Dr. Kang is a Fellow of IEEE, ACM and AAAS, a Foreign Member of the National Academy of Engineering of Korea, and a member of the Korea Academy of Science and Technology (KAST). He is a recipient of the IEEE CAS John Choma Education Award (2014), the Deok-Myeong Engineering Award from the Korean Academy of Science and Technology (2010), Silicon Valley Engineering Hall of Fame Induction Award (2009), Chang-Lin Tien Education Leadership Award (2007), IEEE Mac Van Valkenburg CAS Society Award (2005), UC Santa Cruz Chancellor’s Stellar Service Award (2003), University of Illinois ECE Alumni Board Distinguished Service Award (2001), UC Berkeley Distinguished EE Alumni Award (2001), IEEE Third Millennium Medal (2000), SRC Technical Excellence Award (1999), IEEE CAS Society Golden Jubilee Medal (1999), KBS Award in Industrial Technology (1998), IEEE CAS Society Technical Achievement Award (1997), Alexander von Humboldt Research Award for Senior US Scientists (1996), IEEE Graduate Teaching Technical Field Award (1996), IEEE Circuits and Systems Society Meritorious Service Award (1994), SRC Inventor Recognition Awards (1993, 1996, 2002), IEEE CAS Darlington Prize Paper Award (1993), 22nd EOS/ESD Best Paper Award (2000), ICCD Best Paper Award (1986), Myril B. Reed Best Paper Award (1979), and more recently the IEEE AI Circuits and Systems Conference Best Paper Award (2019).

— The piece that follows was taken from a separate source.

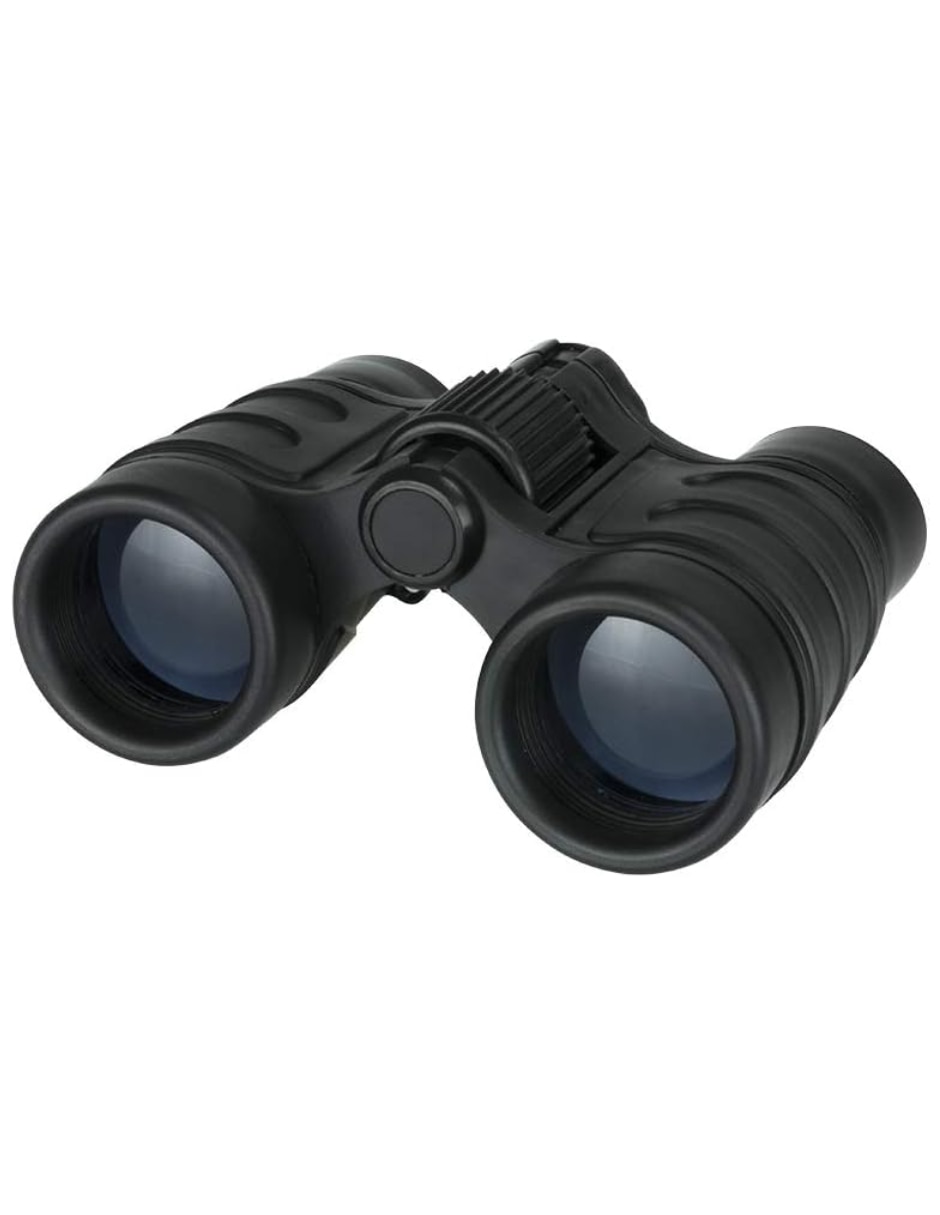 Set telescopio refractor 22010 5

He was a Distinguished Lecturer of the IEEE Solid-State Circuits Society and the IEEE Circuits and Systems Society, and has delivered many invited talks at premier international conferences. He holds sixteen US patents, published over 500 papers and co-authored ten books: Design Automation For Timing-Driven Layout Synthesis (1992); Hot-Carrier Reliability of MOS VLSI Circuits (1993); Physical Design for Multichip Modules (1994); Modeling of Electrical Overstress in Integrated Circuits (1994); Electrothermal Analysis of VLSI Systems (1999); CMOS Digital Circuits: Analysis and Design (4th ed. 2015, McGraw-Hill); and Computer-Aided Design of Optoelectronic Integrated Circuits and Systems (1996, Prentice Hall).

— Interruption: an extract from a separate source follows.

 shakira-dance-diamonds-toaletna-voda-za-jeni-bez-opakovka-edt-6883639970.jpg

He has served on international advisory councils and boards, including the Ministry of Education of Singapore, the President’s Science and Technology Advisory Council of the Republic of Korea, the King Abdullah International Medical Center of Saudi Arabia, and the World Economic Forum (WEF), and on the Board of Trustees of the Hamad Bin Khalifa University, Qatar.

His current research interest includes memristors, memristive devices and systems including resistance-state nonvolatile memories , low power VLSI design; optimization for performance, reliability and manufacturability; mixed-signal mixed-technology integrated system; modeling and simulation of semiconductor devices and circuits; high-speed optoelectronic circuits, fully optical network systems, and nanobioelectronics and neuromorphic computing.